Democrats in Congress and some Republican allies passed an assault-weapons ban in 1994. That fired up the NRA base. The NRA’s rhetoric grew harsher. Out on the political fringe, the militia movement grew in influence, as anti-government activists warned of black helicopters carrying federal agents dressed like ninjas. The militants cited the 1992 shooting deaths of two civilians in a federal raid at Ruby Ridge, Idaho, and the 1993 siege by federal agents of a religious sect’s compound in Waco, Tex., that culminated in a fire killing 76 people.
John Magaw, then the head of the ATF, recalls trying to set up meetings with the NRA to discuss gun issues. “They would not answer. They would ignore us.”
It was personal, too. Once, Magaw says, he saw LaPierre waiting to board a plane at Dulles International Airport. They were at the same gate.
“I went over to pay my respects and say hello,” he says. “He just turned and walked away. He wouldn’t talk to me.”
The NRA did not make LaPierre or any other NRA official available for an interview for this article.
Everything seemed to be going the NRA’s way in the aftermath of the 1994 midterm election, when Democrats were drummed from the House en masse. But then came Oklahoma City.
Timothy McVeigh’s April 1995 bombing of the Alfred P. Murrah Federal Building killed 168 people, including 19 children in a day-care center, and although the NRA had nothing to do with the terrorist attack, the association’s strident anti-government rhetoric drew national attention. News reports focused on a fundraising letter, signed by LaPierre and sent to NRA members before the bombing, that said the new assault-weapons ban “gives jackbooted Government thugs more power to take away our constitutional rights, break in our doors, seize our guns, destroy our property and even injure and kill us.”
Even staunch NRA members began to get queasy. Former president George H.W. Bush resigned his NRA membership. Former NRA president Richard Riley, who headed the association from 1990 to 1992, told The Post at the time, “We were akin to the Boy Scouts of America . . . and now we’re cast with the Nazis, the skinheads and the Ku Klux Klan.”
LaPierre apologized for having used language that he said was wrongly interpreted as a broad attack on federal agents. And he began to maneuver behind the scenes to keep the NRA from turning into a fringe organization like the John Birch Society. That would mean doing something about Neal Knox, Metaksa and their allies.
At the 1997 annual meeting in Seattle, Knox ran for the office of first vice president, a position that would put him in the line of succession to become president of the NRA. But suddenly he had competition for that job from none other than Charlton Heston. The legendary actor and NRA supporter beat Knox by four votes and went on to become president.
“Needless to say, when you run against Moses, Moses wins,” says Joe Tartaro, the Cincinnati rebel.
Metaksa left ILA the next year, and Knox was off the board at decade’s end. He died in 2005. David Gross, a self-described “Knoxinista,” says Knox and his allies ultimately won the ideological battle even if they personally didn’t survive as NRA leaders.
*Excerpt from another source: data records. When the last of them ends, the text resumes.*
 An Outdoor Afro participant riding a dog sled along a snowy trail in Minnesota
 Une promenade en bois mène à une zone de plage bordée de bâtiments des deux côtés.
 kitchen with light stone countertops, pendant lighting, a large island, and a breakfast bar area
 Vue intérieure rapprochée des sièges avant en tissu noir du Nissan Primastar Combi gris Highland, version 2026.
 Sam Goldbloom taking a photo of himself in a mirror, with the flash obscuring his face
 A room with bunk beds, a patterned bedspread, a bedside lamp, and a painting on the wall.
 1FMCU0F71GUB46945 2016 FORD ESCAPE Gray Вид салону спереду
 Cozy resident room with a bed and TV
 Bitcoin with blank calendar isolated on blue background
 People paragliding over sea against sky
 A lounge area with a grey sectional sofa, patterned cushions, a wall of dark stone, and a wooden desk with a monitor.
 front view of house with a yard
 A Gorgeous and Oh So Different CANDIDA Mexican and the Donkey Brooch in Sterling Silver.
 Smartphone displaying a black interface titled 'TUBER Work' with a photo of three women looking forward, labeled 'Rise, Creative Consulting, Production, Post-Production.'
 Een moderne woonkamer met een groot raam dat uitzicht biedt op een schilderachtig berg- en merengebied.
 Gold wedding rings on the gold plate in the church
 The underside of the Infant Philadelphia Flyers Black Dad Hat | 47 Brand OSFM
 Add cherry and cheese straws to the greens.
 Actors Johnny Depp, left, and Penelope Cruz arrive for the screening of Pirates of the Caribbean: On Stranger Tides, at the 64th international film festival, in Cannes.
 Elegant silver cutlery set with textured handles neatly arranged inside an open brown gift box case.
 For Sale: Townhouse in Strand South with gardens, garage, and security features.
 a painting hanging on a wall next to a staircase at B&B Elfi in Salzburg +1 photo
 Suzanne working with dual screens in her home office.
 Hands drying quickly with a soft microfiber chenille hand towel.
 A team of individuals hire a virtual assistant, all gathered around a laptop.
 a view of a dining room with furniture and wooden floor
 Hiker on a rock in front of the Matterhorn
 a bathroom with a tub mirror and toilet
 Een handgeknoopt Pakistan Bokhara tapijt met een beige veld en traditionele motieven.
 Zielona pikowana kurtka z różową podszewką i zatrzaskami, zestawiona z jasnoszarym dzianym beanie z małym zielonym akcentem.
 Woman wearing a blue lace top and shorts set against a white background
“You know the old saying, ‘You never want to be first’?” Gross says. “The person with the alleged radical ideas, or the new ideas, they extend themselves, they fail, then somebody comes along, picks up the pieces and then develops the project.”
By 2000, the NRA had become even more closely aligned with the Republican Party and worked strenuously to keep Al Gore from becoming president. At the annual meeting in May of that year, Hollywood legend Heston provided what might be the signature moment in the history of the NRA. He spoke of a looming loss of liberty, of Concord and Lexington, of Pearl Harbor, the “sacred stuff” that “resides in that wooden stock and blued steel.”
Handed a replica of a Colonial musket, he said: “As we set out this year to defeat the divisive forces that would take freedom away, I want to say those fighting words for everyone within the sound of my voice to hear and to heed — and especially for you, Mr. Gore.”
He held the gun aloft.
“From my cold, dead hands!”
The power of controversy
Had Gore managed to carry Arkansas or West Virginia — states full of gun-toting Democrats — or his home state of Tennessee, he would have become president even without any favorable recount of votes in Florida. The next spring, citing the election results, Fortune magazine ranked the NRA as the most powerful lobbying group in Washington, surpassing even AARP.
The paradox for the NRA is that it gains strength when under assault. During the 2000s, with gun control now largely off the table, the NRA membership leveled off. In 2004, the assault-weapons ban expired; in 2008, the Supreme Court ruled, in a 5 to 4 vote, that the Second Amendment establishes an individual’s right to own a firearm.